イニエスタの同点FK弾、取り消しは妥当? 家本元審判員が見解「タリク選手の手に間違いなく当たっている。ただ…」

イニエスタの同点FK弾、取り消しは妥当? 家本元審判員が見解「タリク選手の手に間違いなく当たっている。ただ…」

イニエスタのFK弾が取り消されたあと、神戸の選手たちは審判に猛抗議。しかし判定は変わらなかった。写真:金子拓弥(サッカーダイジェスト写真部)



 Jリーグは5月21日、J1第14節の湘南対神戸(2−1)を実施。この試合のアンドレス・イニエスタの“同点ゴール取り消し”判定は妥当だったのか――。

 5月24日に配信されたDAZNの『Jリーグ ジャッジリプレイ』にて名手の一発が取り上げられ、ゲストで出演した元国際審判員の家本政明氏、現役時代は浦和や神戸などでプレーした那須大亮氏、タレントでJリーグウォッチャーの平畠啓史氏が議論を交わした。

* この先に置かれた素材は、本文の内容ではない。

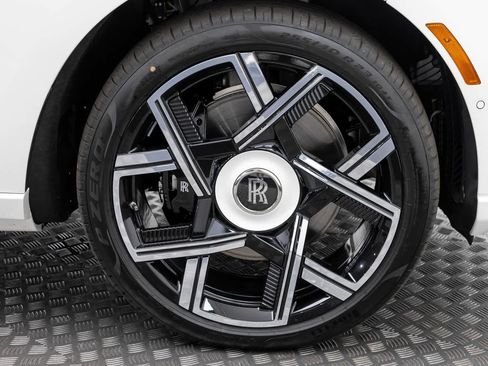 New 2027 Rolls-Royce Cullinan Black Badge AWD/4WD image 57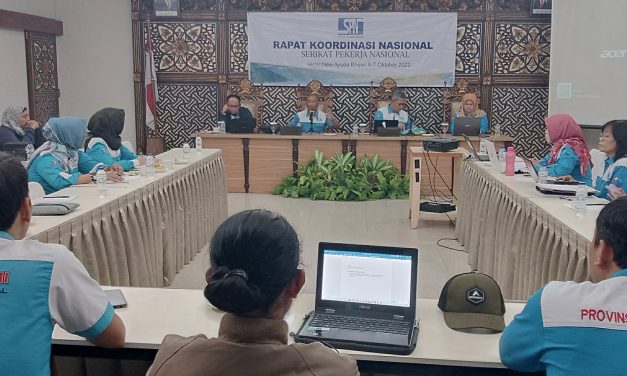 MENJAWAB TANTANGAN DAN HAMBATAN DARI INTERNAL MAUPUN EKSTERNAL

 問題のシーンは、湘南の1点リードで迎えた試合終了間際の90+9分。神戸がペナルティエリア手前中央でFKを獲得すると、キッカーのイニエスタの放ったシュートがゴール右隅に決まる。

 しかしリプレイで確認されると、イニエスタの蹴ったボールは、壁に入った湘南のタリクの肘に当たったあと、神戸の武藤嘉紀の腕に触れてそのままゴールイン。VARオンリーレビューの結果、武藤のハンドで得点が取り消しとなった。その後、神戸の選手たちは審判へ猛抗議したが、判定は変わらなかった。
 
 競技規則では、たとえ偶発的であっても、ボールが自分や味方競技者の手や腕に触れた直後に相手のゴールに入った場合、得点が認められないとある。

 判定に対し那須氏は、「ルール上、手に当たってゴールに入れば無効。選手の心情を考えれば言いたいことは分かりますが、当たった事実があるのでこれはしょうがない」と語った。

 一方で平畠氏は、「気になるのは湘南の選手(タリク)の手に当たっているように見えるところ。あれがハンドなのかどうか。あれがなかったら武藤選手の手に当たったのかというところはすごく気になる」と問題定義した。

 これに対して家本氏は、「得点に関しては残念ながら認められない」と競技規則上、ゴールは無効であるとしたうえで、タリクがハンドとならなかった理由を次のように説明した。

「タリク選手の手には間違いなく当たっている。ただ、腕が身体についているのか、離れているのかが大きなポイント。映像で見る限りは、ボール方向に手を動かしていないですし、かつ自分の身体を守るために、しっかり身体につけてあるところにボールがきているので、競技規則上の解釈ではハンドにはなりません」

 得点が認められていれば劇的な同点弾となっていただけに、「神戸の選手が言いたい気持ちは十分に分かります」と理解を示しつつも、判定は妥当であるとした。